• _Directions_
Write the data out in full and word for word. Do not include images.

(Image-text web data)
Start of Block
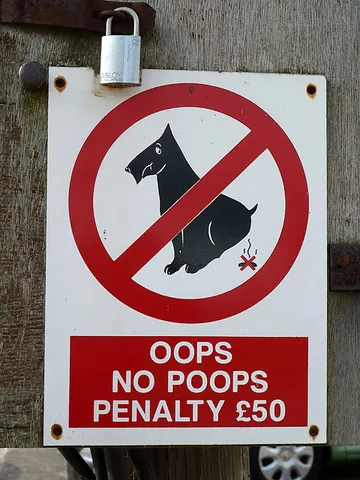 poop: to make a short blast on a horn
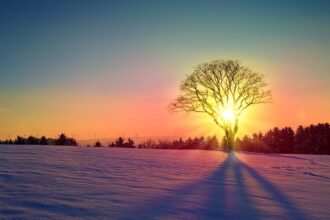soul life path messages for February 2022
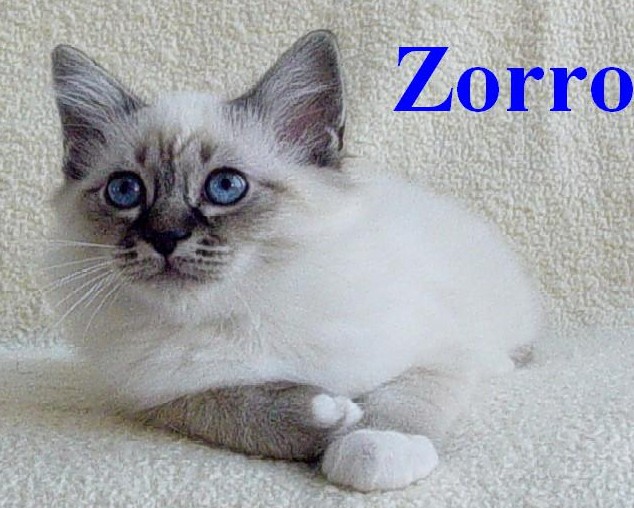 Zorro the cosy One – Birman (Sacred Cat of Burma) kitten – photo 2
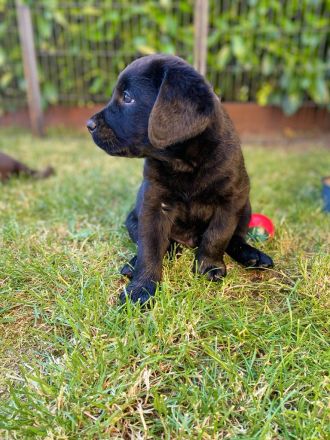 of Sweet As Chocolate Labradors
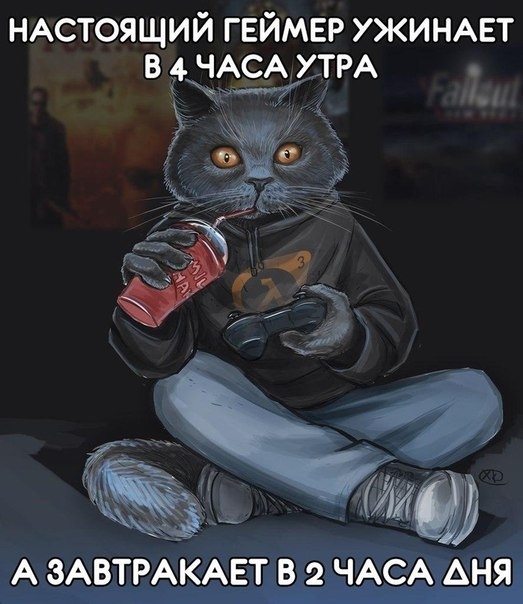 котэ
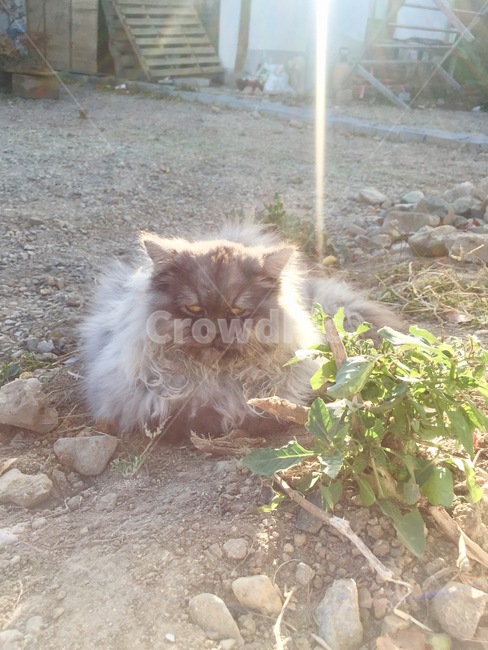 고양이,캣츠,길고양이,노곤노곤,올드듀터로노미,동물,animal,포유류,mammal,고양이,cat,kitten,kitty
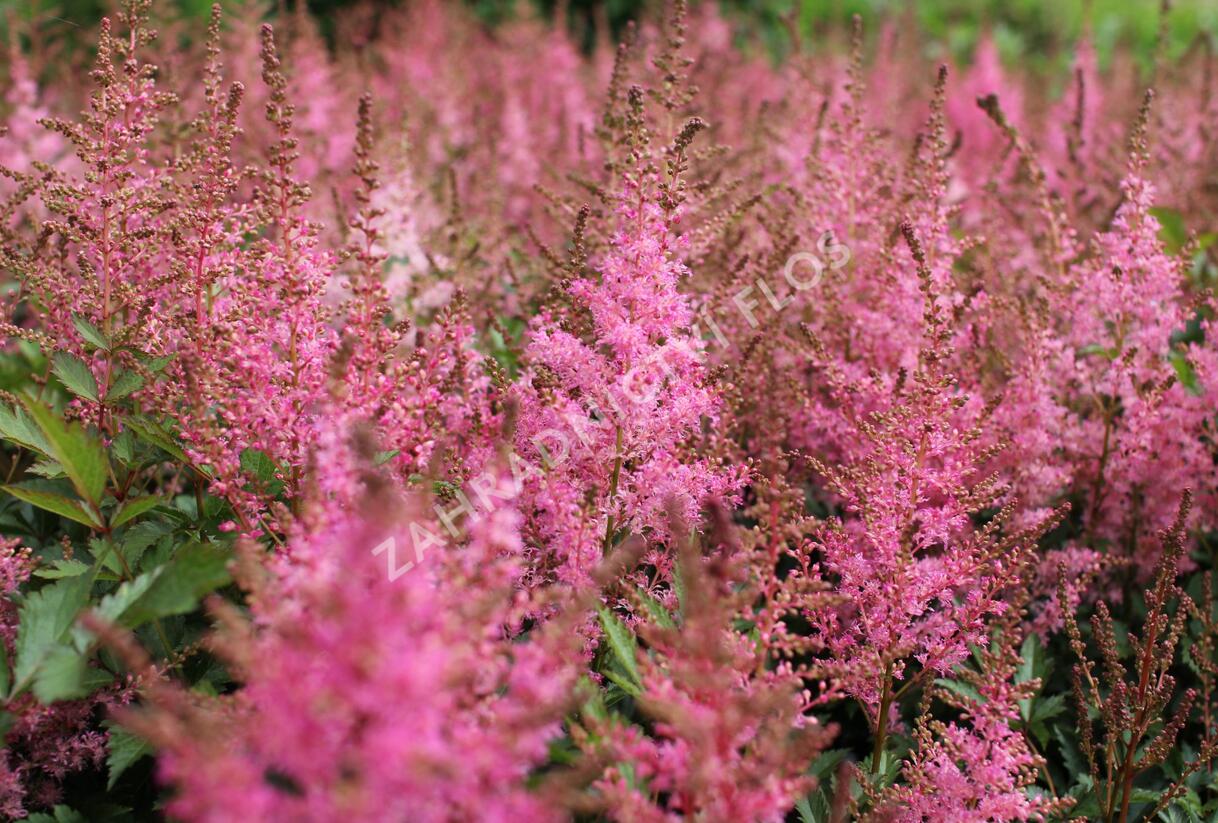 Čechrava japonská 'Younique Pink' - Astilbe japonica 'Younique Pink'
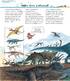 Чому? Чого? Навіщо? Відкриваємо світ динозаврів - фото 2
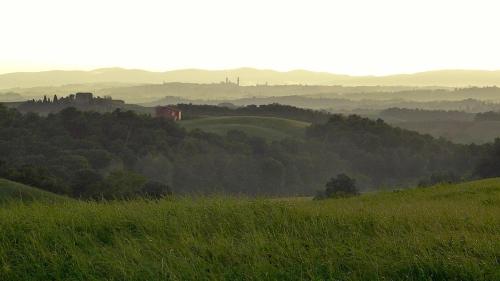 Agriturismo San Fabio — 4-Star Luxury Hotel in Castelnuovo Berardenga, Italy
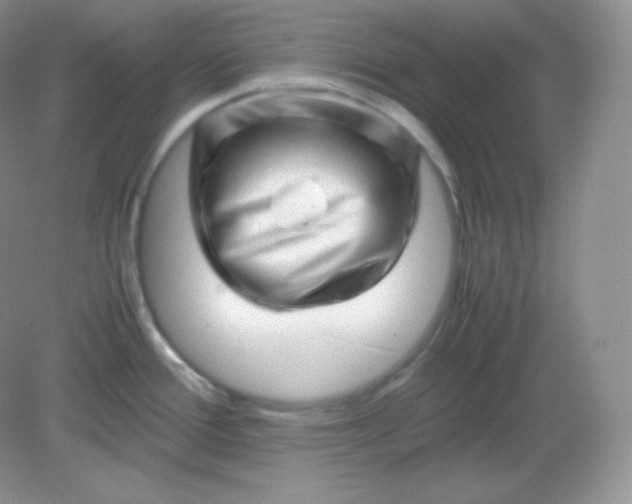 X0000082171388200702021715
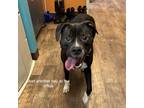 Adopt Zena a Black Mixed Breed (Small) / Mixed Breed (Medium) / Mixed (short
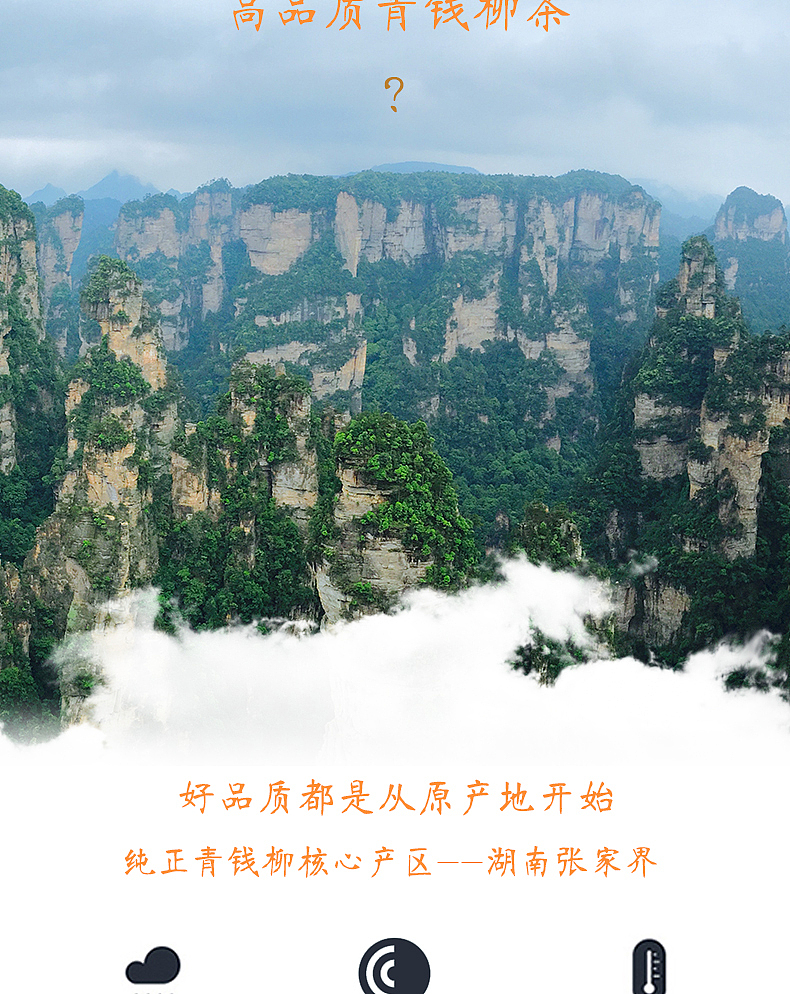 详情页-速泡青钱柳
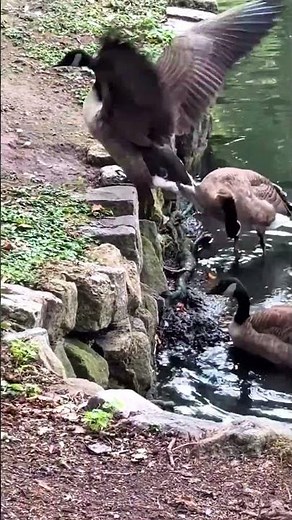 Adorable Baby Ducklings Following Mom 🐥🌊 Cutest Wildlife Moment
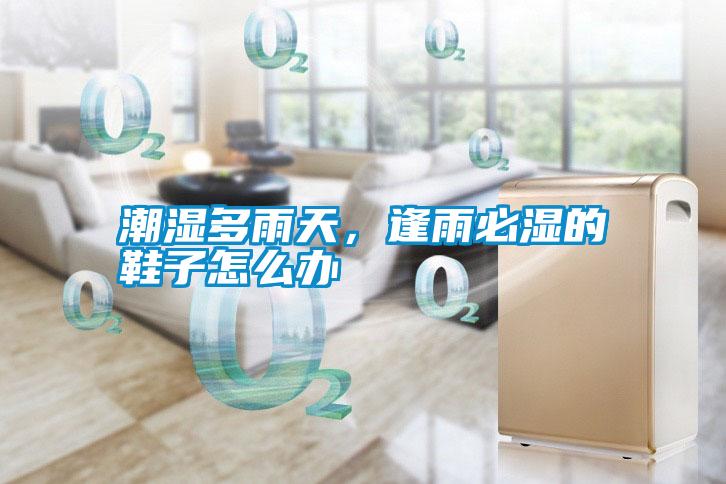 潮濕多雨天,逢雨必濕的鞋子怎么辦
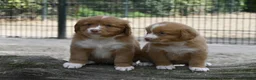 Nova Scotia Duck Tolling Retriever honden te koop: Nova Scotia Duck Tolling Retriever pups # Toller - Advertentie 8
End of Block
• _Written response_
 poop: to make a short blast on a horn
soul life path messages for February 2022
 Zorro the cosy One – Birman (Sacred Cat of Burma) kitten – photo 2
 of Sweet As Chocolate Labradors
 котэ
 고양이,캣츠,길고양이,노곤노곤,올드듀터로노미,동물,animal,포유류,mammal,고양이,cat,kitten,kitty
 Čechrava japonská 'Younique Pink' - Astilbe japonica 'Younique Pink'
 Чому? Чого? Навіщо? Відкриваємо світ динозаврів - фото 2
 Agriturismo San Fabio — 4-Star Luxury Hotel in Castelnuovo Berardenga, Italy
 X0000082171388200702021715
 Adopt Zena a Black Mixed Breed (Small) / Mixed Breed (Medium) / Mixed (short
 详情页-速泡青钱柳
 Adorable Baby Ducklings Following Mom 🐥🌊 Cutest Wildlife Moment
 潮濕多雨天,逢雨必濕的鞋子怎么辦
 Nova Scotia Duck Tolling Retriever honden te koop: Nova Scotia Duck Tolling Retriever pups # Toller - Advertentie 8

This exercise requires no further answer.